Eingriffe in die Stromnetze haben sich 2012 gegenüber dem Vorjahr nahezu verdoppelt

Stromnetz / Foto: HB
Stromnetze / Foto: HB

(WK-news) – enviaM-Netzbetreiber MITNETZ STROM muss Stromerzeugung aus erneuerbaren Energien im Netzgebiet immer häufiger drosseln.

Die stetig steigende Stromerzeugung aus erneuerbaren Energien im Zuge der Energiewende lässt die Stromnetze in Ostdeutschland immer häufiger an ihre Grenzen stoßen.

“In keiner anderen Region Deutschlands entstehen ohne Rücksichtnahme auf die vorhandenen Stromnetze und die bestehende Stromnachfrage so viele leistungsstarke Anlagen zur Stromerzeugung aus erneuerbaren Energien wie hier”, so Dr. Adolf Schweer, technischer Geschäftsführer des enviaM-Netzbetreibers MITNETZ STROM.

Folge dieser Entwicklung ist, dass es nicht nur in den Übertragungsnetzen (Höchstspannungsnetzen), sondern auch in den Verteilnetzen (Hoch-, Mittel- und Niederspannungsnetzen) in Ostdeutschland vermehrt zu Netzengpässen kommt. Um einen Netzkollaps zu vermeiden, sind die Netzbetreiber in Folge dessen gezwungen, die Stromerzeugung insbesondere aus erneuerbaren Energien immer öfter zu drosseln.
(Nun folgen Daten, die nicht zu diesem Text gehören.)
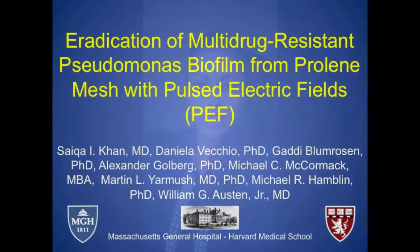Hi, my name is Saika Khan and I would like to introduce our paper: Eradication of Multidrug-Resistant Pseudomonas Biofilm with Pulsed Electric Fields.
Der größte regionale Verteilnetzbetreiber in den neuen Bundesländern MITNETZ STROM musste im Jahr 2012 97-mal die Stromerzeugung aus erneuerbaren Energien, hier vornehmlich aus Wind und Sonne, herunterfahren. Nur so konnte eine Überlastung des rund 77.000 Kilometer langen Stromnetzes vermieden werden, das sich über Teile der Bundesländer Brandenburg, Sachsen, Sachsen-Anhalt und Thüringen erstreckt. Gegenüber dem Vorjahr hat sich die Zahl der Eingriffe nahezu verdoppelt. Im Jahr 2011 erfolgten 51 Eingriffe. Im Jahr 2010 waren lediglich 16 Eingriffe zu verzeichnen.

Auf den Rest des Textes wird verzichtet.